- **Exercise goal**: Among the entries below, only the lines starting at the one with "Continuous line drawing" and ending at the one with "TRAVIS SCOTT X", both included, are to be printed exactly.

Data records
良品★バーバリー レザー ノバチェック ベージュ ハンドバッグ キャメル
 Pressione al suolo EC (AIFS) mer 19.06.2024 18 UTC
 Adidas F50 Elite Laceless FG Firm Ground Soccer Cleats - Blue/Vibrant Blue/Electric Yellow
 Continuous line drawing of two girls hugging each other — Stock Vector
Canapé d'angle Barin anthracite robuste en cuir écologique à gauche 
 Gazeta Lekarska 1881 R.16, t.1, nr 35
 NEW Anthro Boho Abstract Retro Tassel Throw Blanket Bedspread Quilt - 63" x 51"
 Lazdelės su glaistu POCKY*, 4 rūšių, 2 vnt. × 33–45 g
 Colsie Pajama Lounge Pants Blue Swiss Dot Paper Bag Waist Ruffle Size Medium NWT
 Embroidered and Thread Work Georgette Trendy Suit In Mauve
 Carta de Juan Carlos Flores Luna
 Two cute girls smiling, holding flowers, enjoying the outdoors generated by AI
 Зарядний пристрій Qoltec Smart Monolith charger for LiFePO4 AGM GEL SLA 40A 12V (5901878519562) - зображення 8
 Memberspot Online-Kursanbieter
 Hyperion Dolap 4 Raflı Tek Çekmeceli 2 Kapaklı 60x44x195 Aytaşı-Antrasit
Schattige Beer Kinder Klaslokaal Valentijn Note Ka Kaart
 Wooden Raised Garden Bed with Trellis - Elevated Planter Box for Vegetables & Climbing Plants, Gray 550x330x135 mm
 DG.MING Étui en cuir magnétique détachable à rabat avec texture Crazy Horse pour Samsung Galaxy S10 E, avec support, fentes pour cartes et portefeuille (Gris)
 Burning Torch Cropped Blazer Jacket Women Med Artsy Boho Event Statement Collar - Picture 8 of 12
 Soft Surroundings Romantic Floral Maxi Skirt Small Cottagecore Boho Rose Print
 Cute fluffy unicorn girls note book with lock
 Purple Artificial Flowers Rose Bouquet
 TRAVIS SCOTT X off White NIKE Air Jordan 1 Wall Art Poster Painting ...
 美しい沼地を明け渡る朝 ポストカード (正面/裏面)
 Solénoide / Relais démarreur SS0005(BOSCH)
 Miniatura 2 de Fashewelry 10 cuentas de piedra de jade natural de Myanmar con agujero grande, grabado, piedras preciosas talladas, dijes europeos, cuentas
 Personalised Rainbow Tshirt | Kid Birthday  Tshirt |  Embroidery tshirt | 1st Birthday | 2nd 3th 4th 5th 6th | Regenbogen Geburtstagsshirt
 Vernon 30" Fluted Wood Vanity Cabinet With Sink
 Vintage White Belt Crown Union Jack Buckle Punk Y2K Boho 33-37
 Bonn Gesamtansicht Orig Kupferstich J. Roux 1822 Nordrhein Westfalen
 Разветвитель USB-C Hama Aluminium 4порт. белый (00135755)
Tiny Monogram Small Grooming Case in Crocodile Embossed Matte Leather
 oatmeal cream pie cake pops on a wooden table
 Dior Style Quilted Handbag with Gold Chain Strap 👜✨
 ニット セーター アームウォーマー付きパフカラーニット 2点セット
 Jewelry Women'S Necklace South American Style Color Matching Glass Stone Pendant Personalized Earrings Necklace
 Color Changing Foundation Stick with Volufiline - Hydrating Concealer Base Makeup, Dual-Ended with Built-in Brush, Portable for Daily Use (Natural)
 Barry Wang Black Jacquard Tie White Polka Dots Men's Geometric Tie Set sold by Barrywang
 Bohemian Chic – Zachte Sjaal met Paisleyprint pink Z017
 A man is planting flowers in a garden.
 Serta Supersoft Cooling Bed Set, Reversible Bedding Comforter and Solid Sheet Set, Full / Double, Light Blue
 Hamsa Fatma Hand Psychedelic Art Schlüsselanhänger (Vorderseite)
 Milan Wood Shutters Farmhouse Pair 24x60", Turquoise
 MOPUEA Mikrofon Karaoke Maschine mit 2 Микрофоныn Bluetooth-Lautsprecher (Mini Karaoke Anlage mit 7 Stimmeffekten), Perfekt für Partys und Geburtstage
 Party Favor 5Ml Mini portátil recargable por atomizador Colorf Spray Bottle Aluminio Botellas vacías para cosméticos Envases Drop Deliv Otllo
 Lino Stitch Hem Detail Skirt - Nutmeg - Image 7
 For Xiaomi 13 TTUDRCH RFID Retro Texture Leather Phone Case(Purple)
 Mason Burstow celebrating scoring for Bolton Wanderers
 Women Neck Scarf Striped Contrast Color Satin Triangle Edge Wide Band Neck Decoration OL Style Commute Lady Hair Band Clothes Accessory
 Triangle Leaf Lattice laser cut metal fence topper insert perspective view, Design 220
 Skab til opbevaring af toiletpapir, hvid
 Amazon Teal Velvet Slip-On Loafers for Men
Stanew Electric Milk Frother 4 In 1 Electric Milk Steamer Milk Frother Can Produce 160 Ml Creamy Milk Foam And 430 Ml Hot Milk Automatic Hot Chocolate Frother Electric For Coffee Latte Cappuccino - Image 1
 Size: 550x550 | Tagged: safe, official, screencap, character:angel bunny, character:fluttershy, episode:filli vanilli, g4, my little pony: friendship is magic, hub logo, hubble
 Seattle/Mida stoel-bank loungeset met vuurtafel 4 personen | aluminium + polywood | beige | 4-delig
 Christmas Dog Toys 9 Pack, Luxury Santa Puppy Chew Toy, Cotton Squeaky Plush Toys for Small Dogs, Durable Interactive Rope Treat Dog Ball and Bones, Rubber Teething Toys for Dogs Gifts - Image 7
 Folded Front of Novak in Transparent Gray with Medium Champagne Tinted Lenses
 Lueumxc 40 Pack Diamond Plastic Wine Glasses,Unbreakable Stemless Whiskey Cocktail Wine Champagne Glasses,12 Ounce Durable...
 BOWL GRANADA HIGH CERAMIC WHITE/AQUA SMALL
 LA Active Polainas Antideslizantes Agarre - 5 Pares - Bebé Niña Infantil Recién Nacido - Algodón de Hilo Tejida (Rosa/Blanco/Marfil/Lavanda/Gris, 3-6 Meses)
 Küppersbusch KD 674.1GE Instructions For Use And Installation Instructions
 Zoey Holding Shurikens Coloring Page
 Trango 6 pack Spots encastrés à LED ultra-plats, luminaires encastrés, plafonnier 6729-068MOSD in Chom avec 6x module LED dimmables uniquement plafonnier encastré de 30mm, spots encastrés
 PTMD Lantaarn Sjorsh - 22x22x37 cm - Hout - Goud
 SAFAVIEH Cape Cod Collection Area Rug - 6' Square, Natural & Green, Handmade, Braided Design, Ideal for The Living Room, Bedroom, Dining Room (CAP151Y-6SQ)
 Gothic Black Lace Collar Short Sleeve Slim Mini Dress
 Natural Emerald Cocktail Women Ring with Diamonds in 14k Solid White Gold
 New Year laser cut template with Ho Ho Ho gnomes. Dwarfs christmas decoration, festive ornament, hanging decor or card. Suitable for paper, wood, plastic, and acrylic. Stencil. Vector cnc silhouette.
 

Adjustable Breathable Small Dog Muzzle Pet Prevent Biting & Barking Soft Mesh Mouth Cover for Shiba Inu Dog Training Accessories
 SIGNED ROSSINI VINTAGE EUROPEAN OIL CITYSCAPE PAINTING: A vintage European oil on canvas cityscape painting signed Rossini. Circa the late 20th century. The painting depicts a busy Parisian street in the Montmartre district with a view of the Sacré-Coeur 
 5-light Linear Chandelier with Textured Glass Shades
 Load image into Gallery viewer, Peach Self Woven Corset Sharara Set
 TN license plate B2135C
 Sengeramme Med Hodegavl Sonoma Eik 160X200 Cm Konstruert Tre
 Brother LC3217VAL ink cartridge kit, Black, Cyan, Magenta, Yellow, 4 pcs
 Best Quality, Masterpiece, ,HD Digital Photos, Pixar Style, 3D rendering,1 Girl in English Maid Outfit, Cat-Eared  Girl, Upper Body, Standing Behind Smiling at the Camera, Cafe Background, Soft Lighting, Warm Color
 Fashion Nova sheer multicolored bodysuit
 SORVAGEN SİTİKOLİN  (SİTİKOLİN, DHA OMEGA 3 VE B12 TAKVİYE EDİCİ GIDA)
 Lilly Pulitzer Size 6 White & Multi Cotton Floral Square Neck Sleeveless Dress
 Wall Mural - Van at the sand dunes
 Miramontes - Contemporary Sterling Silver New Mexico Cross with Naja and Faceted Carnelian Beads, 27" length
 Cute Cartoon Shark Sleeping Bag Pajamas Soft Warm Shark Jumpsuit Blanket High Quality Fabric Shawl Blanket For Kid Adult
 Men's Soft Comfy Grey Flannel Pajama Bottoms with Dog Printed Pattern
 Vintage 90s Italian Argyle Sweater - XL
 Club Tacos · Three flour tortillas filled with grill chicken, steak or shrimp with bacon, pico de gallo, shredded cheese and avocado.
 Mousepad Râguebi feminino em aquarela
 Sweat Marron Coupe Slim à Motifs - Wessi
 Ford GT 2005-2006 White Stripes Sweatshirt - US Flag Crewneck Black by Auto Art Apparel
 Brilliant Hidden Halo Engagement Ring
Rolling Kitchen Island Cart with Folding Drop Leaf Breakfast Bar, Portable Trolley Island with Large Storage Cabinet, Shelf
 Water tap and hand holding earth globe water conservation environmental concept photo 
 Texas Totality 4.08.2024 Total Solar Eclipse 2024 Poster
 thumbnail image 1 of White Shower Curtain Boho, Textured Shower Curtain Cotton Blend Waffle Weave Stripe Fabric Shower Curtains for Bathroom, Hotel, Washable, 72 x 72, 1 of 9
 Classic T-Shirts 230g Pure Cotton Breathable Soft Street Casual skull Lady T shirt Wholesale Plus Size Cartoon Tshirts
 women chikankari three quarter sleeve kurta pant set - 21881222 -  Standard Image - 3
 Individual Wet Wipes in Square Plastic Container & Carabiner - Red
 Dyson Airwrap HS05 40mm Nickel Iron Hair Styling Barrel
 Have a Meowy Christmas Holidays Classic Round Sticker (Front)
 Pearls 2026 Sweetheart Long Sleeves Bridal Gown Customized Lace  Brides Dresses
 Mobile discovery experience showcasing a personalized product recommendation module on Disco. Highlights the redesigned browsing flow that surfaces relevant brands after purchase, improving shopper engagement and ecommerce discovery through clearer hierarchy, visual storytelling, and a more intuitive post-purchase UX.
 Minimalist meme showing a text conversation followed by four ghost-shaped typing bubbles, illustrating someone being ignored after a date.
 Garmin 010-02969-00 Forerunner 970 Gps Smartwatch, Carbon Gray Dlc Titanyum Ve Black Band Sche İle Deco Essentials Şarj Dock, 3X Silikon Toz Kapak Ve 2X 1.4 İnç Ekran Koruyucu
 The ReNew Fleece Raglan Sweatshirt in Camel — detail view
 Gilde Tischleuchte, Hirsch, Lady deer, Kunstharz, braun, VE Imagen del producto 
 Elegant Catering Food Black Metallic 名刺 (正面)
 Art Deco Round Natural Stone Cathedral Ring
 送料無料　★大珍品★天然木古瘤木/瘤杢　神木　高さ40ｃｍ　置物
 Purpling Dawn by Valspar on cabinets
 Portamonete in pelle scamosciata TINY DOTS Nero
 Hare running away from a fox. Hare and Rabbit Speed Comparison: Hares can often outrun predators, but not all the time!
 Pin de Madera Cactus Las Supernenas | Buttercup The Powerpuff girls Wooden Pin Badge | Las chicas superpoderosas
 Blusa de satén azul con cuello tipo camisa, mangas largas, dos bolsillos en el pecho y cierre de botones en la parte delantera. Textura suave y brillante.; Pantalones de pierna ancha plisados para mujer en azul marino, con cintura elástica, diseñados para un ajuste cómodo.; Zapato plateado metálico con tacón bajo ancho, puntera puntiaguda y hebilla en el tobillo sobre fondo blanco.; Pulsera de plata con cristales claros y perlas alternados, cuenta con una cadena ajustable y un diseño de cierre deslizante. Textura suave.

- **Result**:
 Continuous line drawing of two girls hugging each other — Stock Vector
Canapé d'angle Barin anthracite robuste en cuir écologique à gauche 
 Gazeta Lekarska 1881 R.16, t.1, nr 35
 NEW Anthro Boho Abstract Retro Tassel Throw Blanket Bedspread Quilt - 63" x 51"
 Lazdelės su glaistu POCKY*, 4 rūšių, 2 vnt. × 33–45 g
 Colsie Pajama Lounge Pants Blue Swiss Dot Paper Bag Waist Ruffle Size Medium NWT
 Embroidered and Thread Work Georgette Trendy Suit In Mauve
 Carta de Juan Carlos Flores Luna
 Two cute girls smiling, holding flowers, enjoying the outdoors generated by AI
 Зарядний пристрій Qoltec Smart Monolith charger for LiFePO4 AGM GEL SLA 40A 12V (5901878519562) - зображення 8
 Memberspot Online-Kursanbieter
 Hyperion Dolap 4 Raflı Tek Çekmeceli 2 Kapaklı 60x44x195 Aytaşı-Antrasit
Schattige Beer Kinder Klaslokaal Valentijn Note Ka Kaart
 Wooden Raised Garden Bed with Trellis - Elevated Planter Box for Vegetables & Climbing Plants, Gray 550x330x135 mm
 DG.MING Étui en cuir magnétique détachable à rabat avec texture Crazy Horse pour Samsung Galaxy S10 E, avec support, fentes pour cartes et portefeuille (Gris)
 Burning Torch Cropped Blazer Jacket Women Med Artsy Boho Event Statement Collar - Picture 8 of 12
 Soft Surroundings Romantic Floral Maxi Skirt Small Cottagecore Boho Rose Print
 Cute fluffy unicorn girls note book with lock
 Purple Artificial Flowers Rose Bouquet
 TRAVIS SCOTT X off White NIKE Air Jordan 1 Wall Art Poster Painting ...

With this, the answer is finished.